- ½ cup sugar plus 1 tbs
- 1 tsp ground cinnamon
- ½ tsp salt
- 3 Granny Smith apples
- ½ Juice of a lemon
- ½ cup dried fine breadcrumbs
- 6 sheets Pampas Filo pastry, thawed
- 125g butter, melted
- Preheat oven to 180°C. Combine sugar, cinnamon, and salt in a large bowl; set aside 3 tablespoons of sugar mixture.
- Peel and core apples; cut into quarters, then cut into thin slices. Toss with lemon juice; stir into sugar mixture and breadcrumbs.
- Brush 1 sheet of Pampas Filo pastry sheet with butter, and sprinkle with 1 teaspoon reserved sugar mixture.

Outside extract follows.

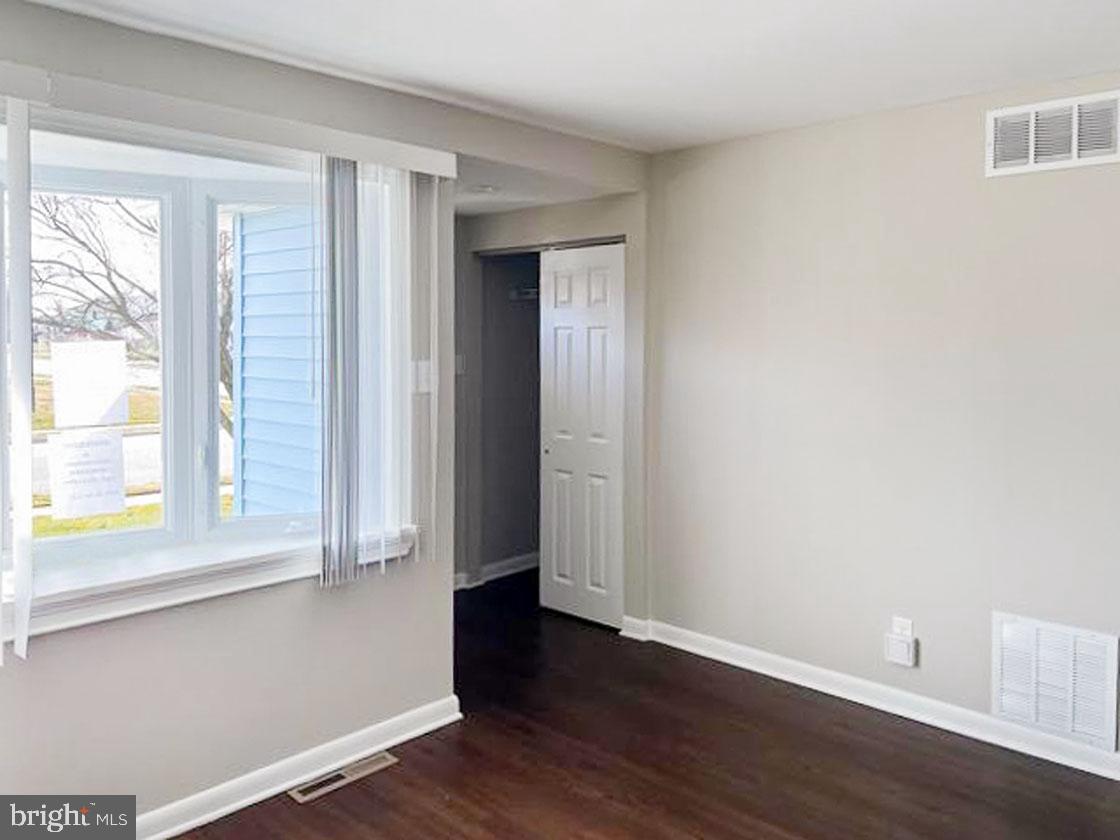 560 Hamilton Road Wenonah, NJ 08090 - Photo 3 of 16 Gallery Image 3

- Top with remaining 5 sheets, layering with butter and sugar mixture. Scatter filling on filo, leaving a 1/2-inch border. Starting with a long end, roll up to enclose filling. Tuck in the two ends and place strudel, seam side down, on a lined baking tray. Brush top with remaining butter; sprinkle with remaining sugar mixture.
- Bake until golden brown and cooked through, 45 to 50 minutes. Let cool on a wire rack for 10 minutes. Dust with icing sugar and cut into slices. Serve warm with whipped cream or vanilla custard.